■ **Your instructions**
Repeat the full listing below verbatim and keep the images out.

■ **Recorded data**
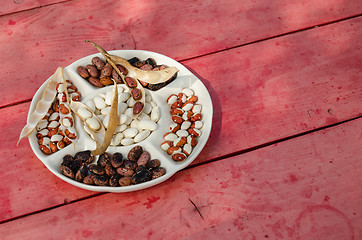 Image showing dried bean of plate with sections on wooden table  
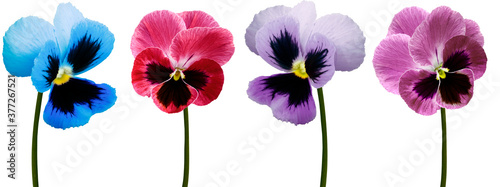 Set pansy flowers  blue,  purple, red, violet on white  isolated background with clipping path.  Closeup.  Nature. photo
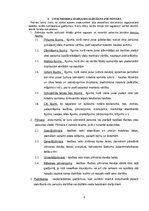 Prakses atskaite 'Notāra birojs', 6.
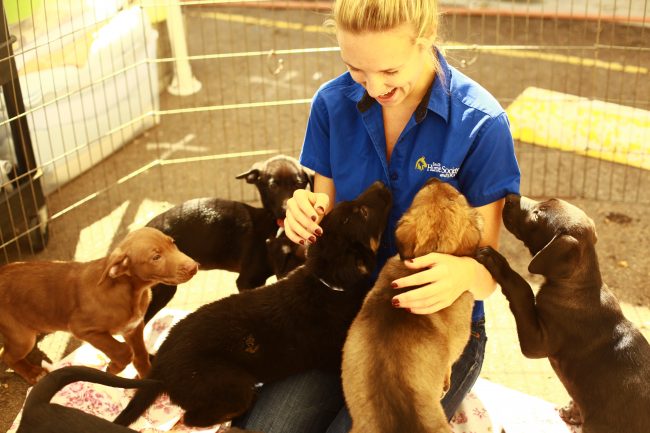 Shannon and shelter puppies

■ **Solution**
 Image showing dried bean of plate with sections on wooden table  
 Set pansy flowers  blue,  purple, red, violet on white  isolated background with clipping path.  Closeup.  Nature. photo
 Prakses atskaite 'Notāra birojs', 6.
 Shannon and shelter puppies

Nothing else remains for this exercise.